L’ossessione di Stalin per Adolf Hitler è ormai certificata dagli storici. Il Führer, dal canto suo, non nascondeva una sorta di rispetto per il capo dell’Unione sovietica: «Churchill è uno sciacallo, Stalin una tigre». Sulle ragioni dell’interesse quasi morboso di Stalin per il nemico, in particolare per la sua vita privata, si possono solo azzardare ipotesi. In una prima fase il georgiano sospettava che Hitler fosse vivo e fuggiasco. Però, anche quando si convinse del contrario, conservò una curiosità estrema per l’uomo che era riuscito a ingannarlo e coglierlo di sorpresa, nonostante la proverbiale astuzia.

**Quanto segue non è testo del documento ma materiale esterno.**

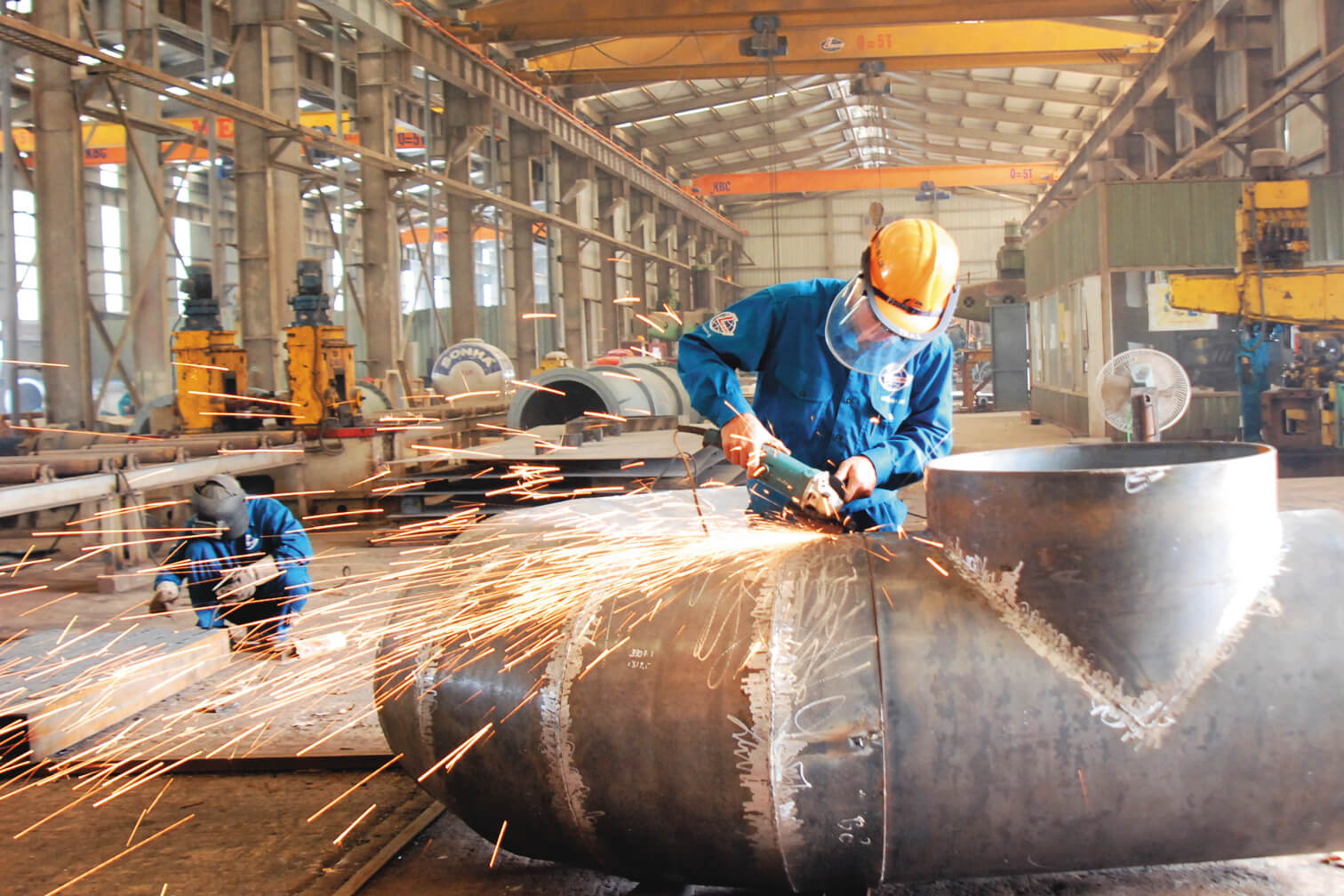 Mặc dù ngành công nghiệp hỗ trợ cơ khí Việt Nam đang có đà tăng trưởng rất mạnh, thế nhưng, chất lượng sản phẩm công nghiệp hỗ trợ của một số doanh nghiệp trong nước vẫn còn thấp.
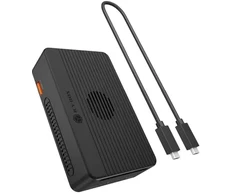 Doko stotelė Icy Box RAID &amp; Dockingstation Icy Box Heart Raid 2818 2x M.2 NVMe SSD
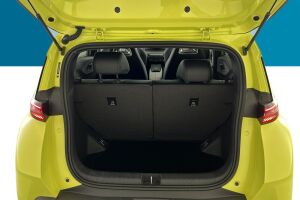 BYD Dolphin Surf esikatselu 5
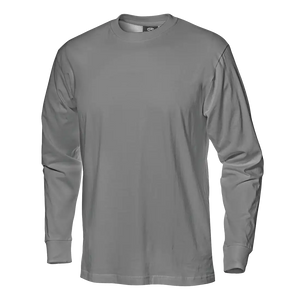 SIR SAFETY SIRFLEX long sleeved Long Sleeve Work T-Shirt MEN - 100% Cotton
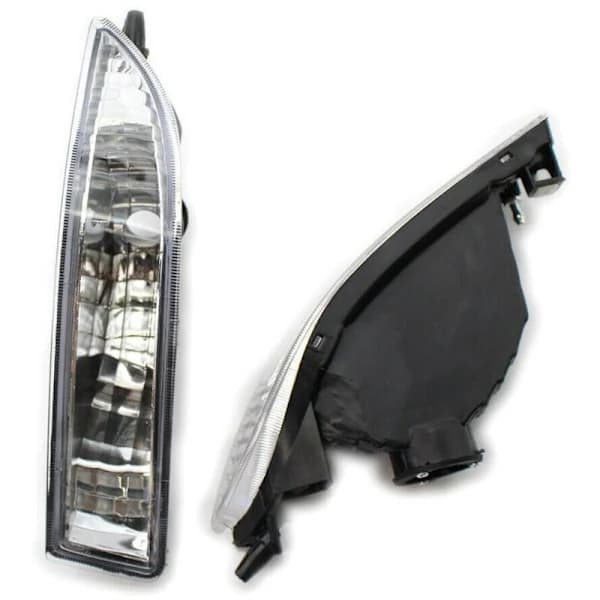 Left Fog Light Cover for E12 2001-2004 without Bulbs 8122112160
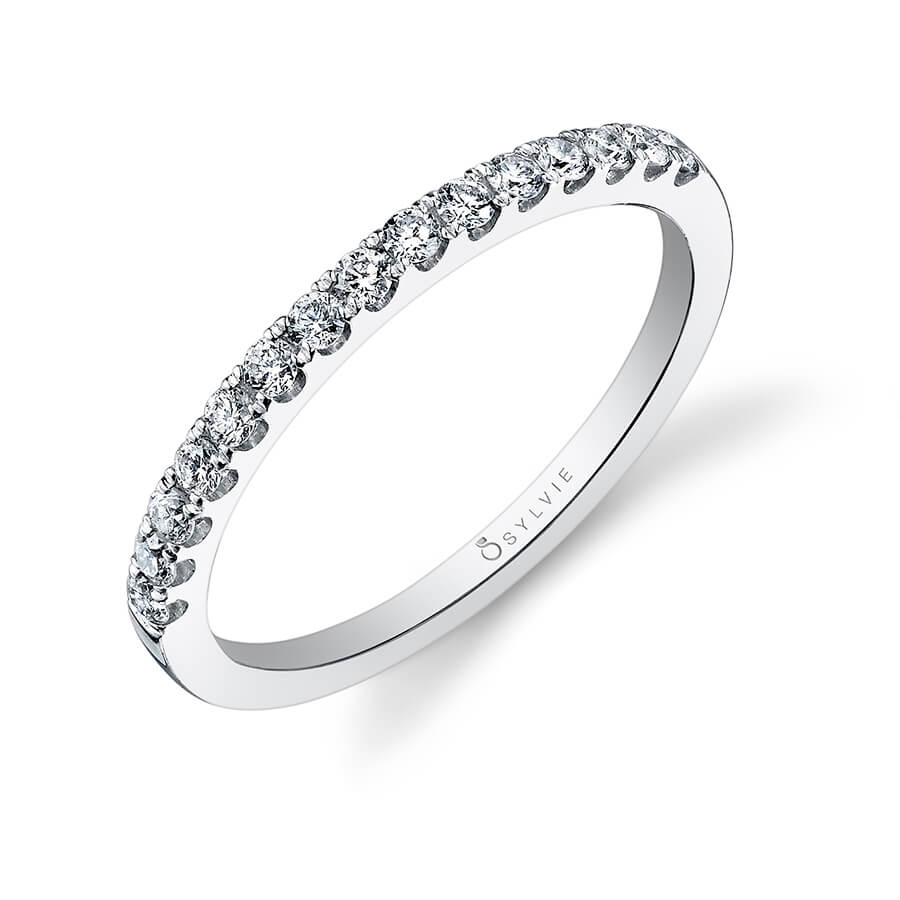 Classic Wedding Band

Nel 1945, subito dopo la presa del bunker, Stalin ordinò al Commissariato del popolo per gli affari interni (Nkvd) un’inchiesta sugli ultimi giorni di Hitler, per verificare se il suicidio fosse reale o solo una messa in scena. L’ «Operazione Mito», così definita in codice, si allargò poi sino a tutta la fase del nazismo al potere.

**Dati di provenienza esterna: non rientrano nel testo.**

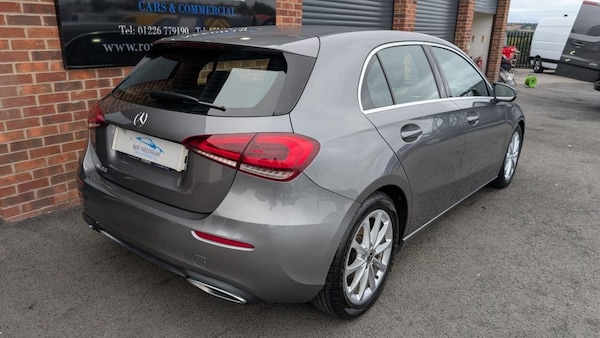 Used Mercedes-Benz A-Class 2019 for sale - 76245216: Photo 11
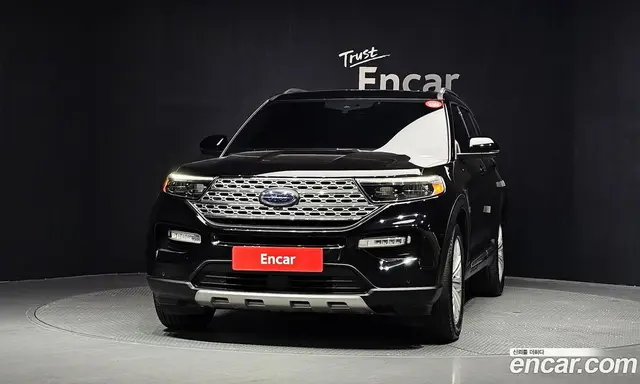 Ford Explorer 2020 2.3 автомат (гидро), миниатюра 3 Ford Explorer 2020 2.3 автомат (гидро), миниатюра 3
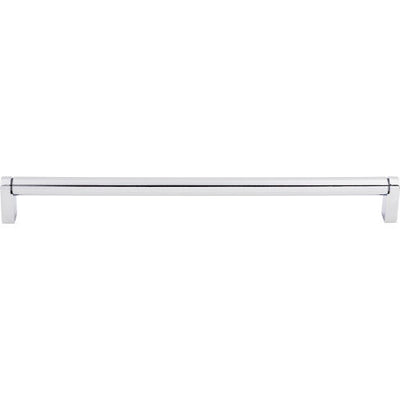 Top Knobs Pennington Bar Pull 18 7/8" c-c in Polished Chrome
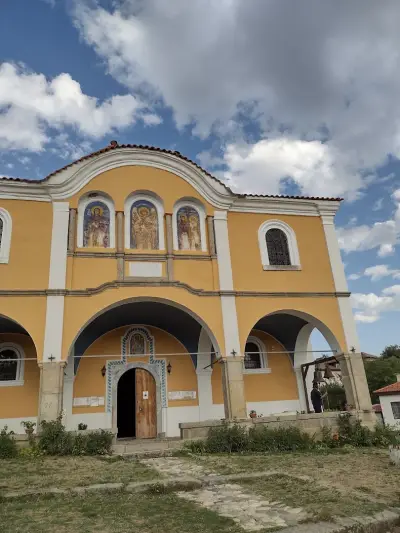 Къща за гости Семейство Петрови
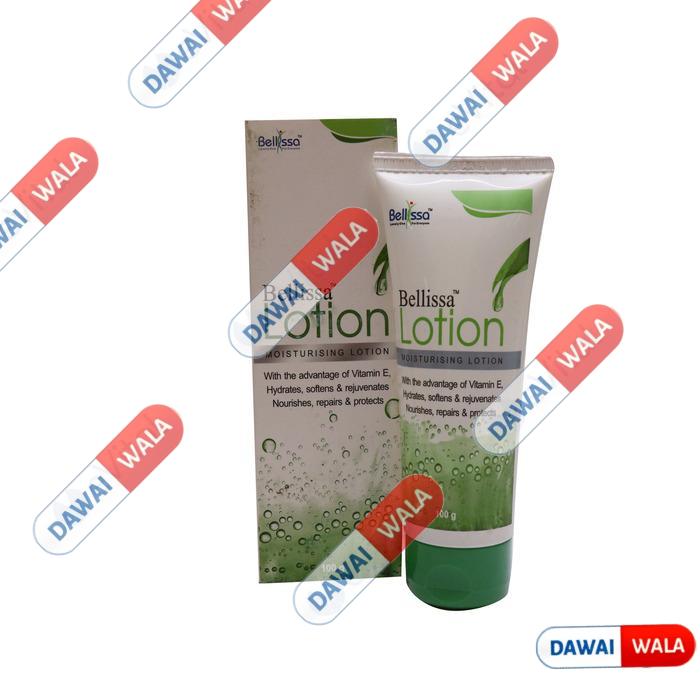 Bellissa Moisturising Lotion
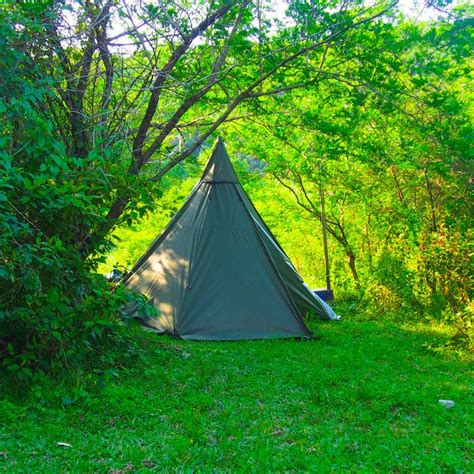 The grommet is the metal ring or eyelet found on each corner of the tent. Use Pomoly's Hot Tent to Set Up a Camp in the Woods in ...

Le fonti a disposizione degli apparati sovietici erano i prigionieri catturati a Berlino: in particolare due uomini che particolarmente vicini al Führer, che conoscevano quei dettagli sulla sua vita privata a cui Stalin teneva soprattutto. Uno, Heinz Linge, era stato cameriere personale di Hitler e poi capo dei servizi addetti alla sua persona. L’altro, Otto Gunsche, era l’ex aiutante di campo personale del Führer. Erano gli uomini di fiducia a cui Hitler aveva ordinato di bruciare il suo corpo e quello della moglie, Eva Braun.

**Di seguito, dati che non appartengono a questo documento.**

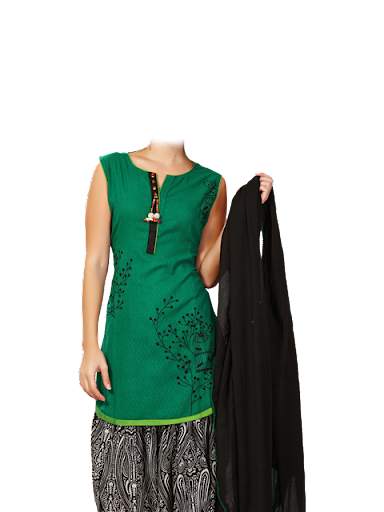 Women Salwar Suit Editor screenshot 12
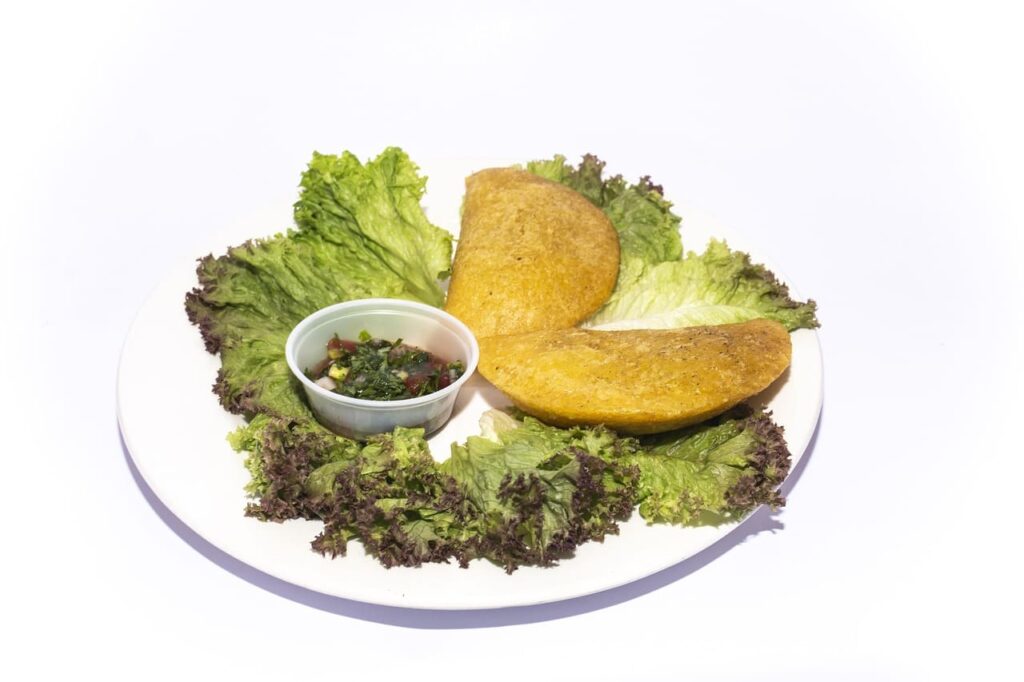 Comida Colombia - Empanadas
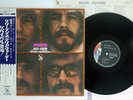 CREEDENCE CLEARWATER REVIVAL BAYOU COUNTRY LIBERTY LP-8680 JAPAN OBI VINYL LP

Il risultato della dettagliata inchiesta del Nkvd fu un voluminoso fascicolo consegnato a Stalin nel dicembre 1949. Riposto nel suo archivio personale si trova ancora tra le carte riservate del presidente della Russia: non è mai stato e ancora non è consultabile nella versione originale. Dieci anni dopo Chruscev ne fece però fare una copia esatta, a propria volta secretata e conservata tra i documenti del segretario del Comitato centrale.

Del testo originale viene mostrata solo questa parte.